◆ **DESCRIPTION OF THE TASK**
Leaving out the pictures, please retype each record exactly.

··· DATA FOR THE TASK ···

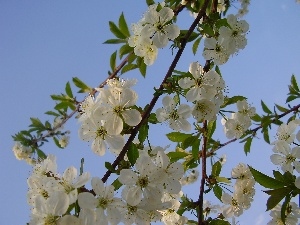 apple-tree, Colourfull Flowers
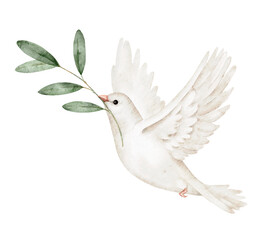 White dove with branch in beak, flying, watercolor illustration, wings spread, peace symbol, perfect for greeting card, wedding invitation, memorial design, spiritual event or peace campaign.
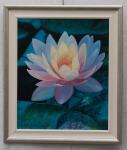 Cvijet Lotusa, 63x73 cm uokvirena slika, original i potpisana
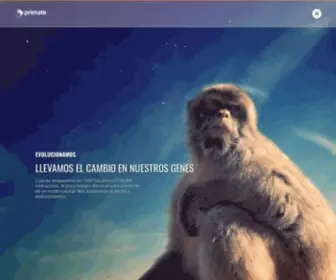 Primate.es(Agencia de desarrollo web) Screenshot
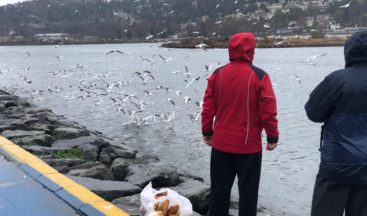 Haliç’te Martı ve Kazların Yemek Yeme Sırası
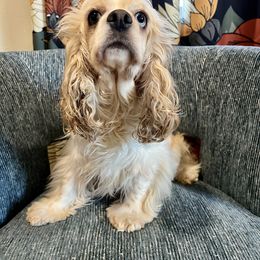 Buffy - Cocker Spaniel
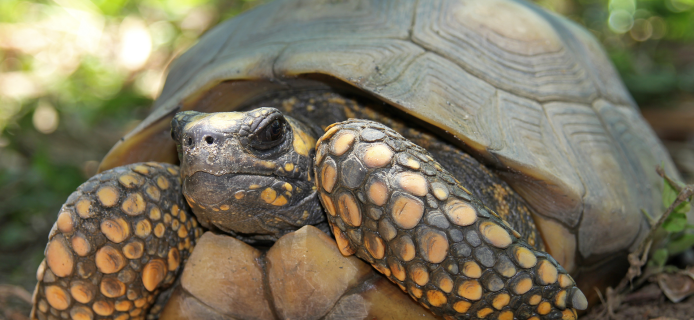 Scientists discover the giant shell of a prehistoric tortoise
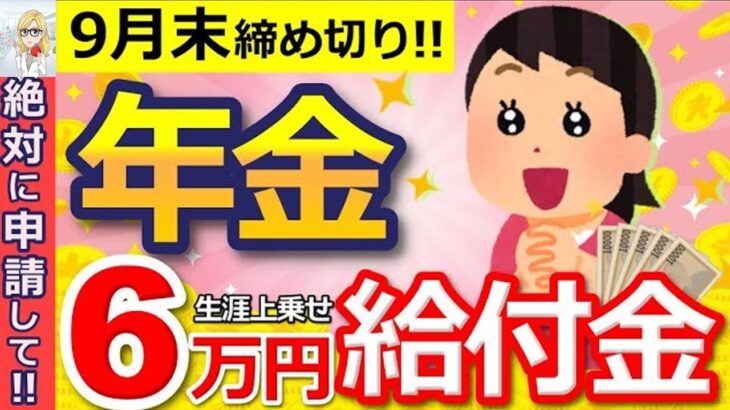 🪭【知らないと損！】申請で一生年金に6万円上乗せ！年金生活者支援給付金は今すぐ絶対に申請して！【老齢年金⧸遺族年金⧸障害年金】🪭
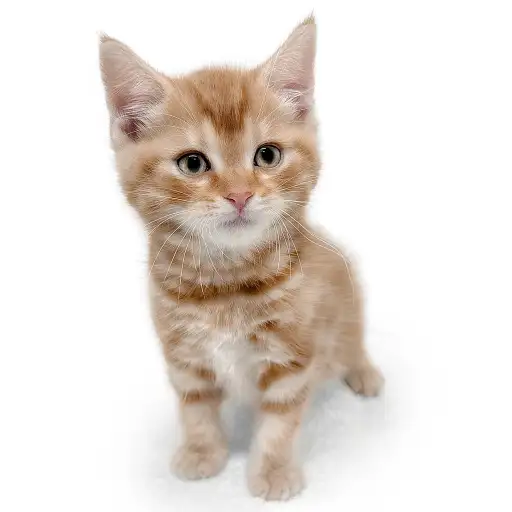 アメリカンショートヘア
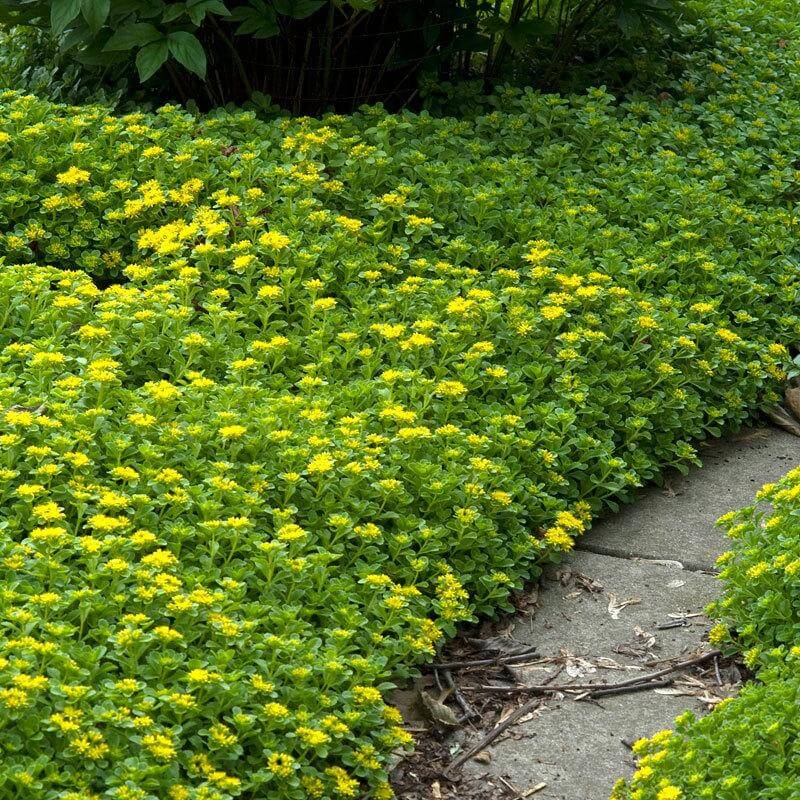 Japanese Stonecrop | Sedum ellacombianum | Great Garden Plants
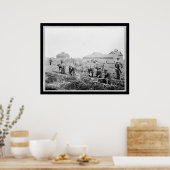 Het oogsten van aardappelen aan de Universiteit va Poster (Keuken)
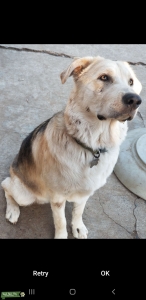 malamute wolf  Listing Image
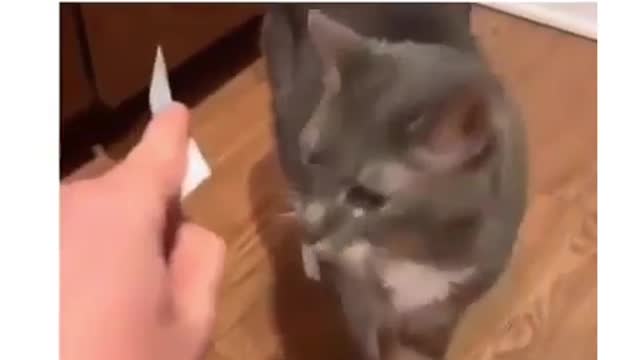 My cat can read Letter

···

◆ **SOLUTION**
 apple-tree, Colourfull Flowers
 White dove with branch in beak, flying, watercolor illustration, wings spread, peace symbol, perfect for greeting card, wedding invitation, memorial design, spiritual event or peace campaign.
 Cvijet Lotusa, 63x73 cm uokvirena slika, original i potpisana
 Primate.es(Agencia de desarrollo web) Screenshot
 Haliç’te Martı ve Kazların Yemek Yeme Sırası
 Buffy - Cocker Spaniel
 Scientists discover the giant shell of a prehistoric tortoise
 🪭【知らないと損！】申請で一生年金に6万円上乗せ！年金生活者支援給付金は今すぐ絶対に申請して！【老齢年金⧸遺族年金⧸障害年金】🪭
 アメリカンショートヘア
 Japanese Stonecrop | Sedum ellacombianum | Great Garden Plants
 Het oogsten van aardappelen aan de Universiteit va Poster (Keuken)
 malamute wolf  Listing Image
 My cat can read Letter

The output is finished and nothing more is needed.